MEXICO CITY -- Quick-hit thoughts and notes around the New England Patriots and NFL:
1. With the Patriots playing against the Oakland Raiders in Mexico on Sunday, and the Houston Texans having played the Raiders in Mexico last season, I reached out to Texans coach Bill O'Brien to ask what were the most unusual challenges of the experience. He noted how the Texans rotated their offensive and defensive linemen in last year's game, which was a consideration made with both altitude (7,382 feet above sea level) and air quality in mind. O'Brien referred to it as a "smoky type of air."
As for the Estadio Azteca itself, O'Brien described it as a "great atmosphere" and said the Raiders' following clearly made it a home game for them, which he would expect to be the case this season, as well. One unique aspect of the stadium is the long walk through part of the stands that the visiting team (which the Patriots will be Sunday) must take to the locker room at halftime.

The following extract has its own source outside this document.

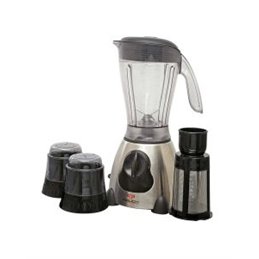 Blender TOUCH Avec Moulin et Hachoir 400W - Inox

"It's almost like straight up the side of the mountain to get through the stands -- it's up and around -- and almost takes you three to four minutes," he said. "By the time you get up, you need to sit down because you're out of breath, unless you're in phenomenal shape.
"So it was a definite thought at halftime to maybe just stay on the field. I don't think the NFL would allow that, but it would have been sort of like high school, just go over and suck on some oranges and make those halftime adjustments."
O'Brien said the long walk to the locker room "is kind of a factor" to consider this season (the Raiders will have a similar walk) because the NFL has been especially strict on teams being back on the field in time, before the 12-minute halftime is over, part of the emphasis of quicker games.
As for what it's like walking through the stands, he said, "There are guardrails, but you're going through the stands to get up there initially. There's no doubt about that."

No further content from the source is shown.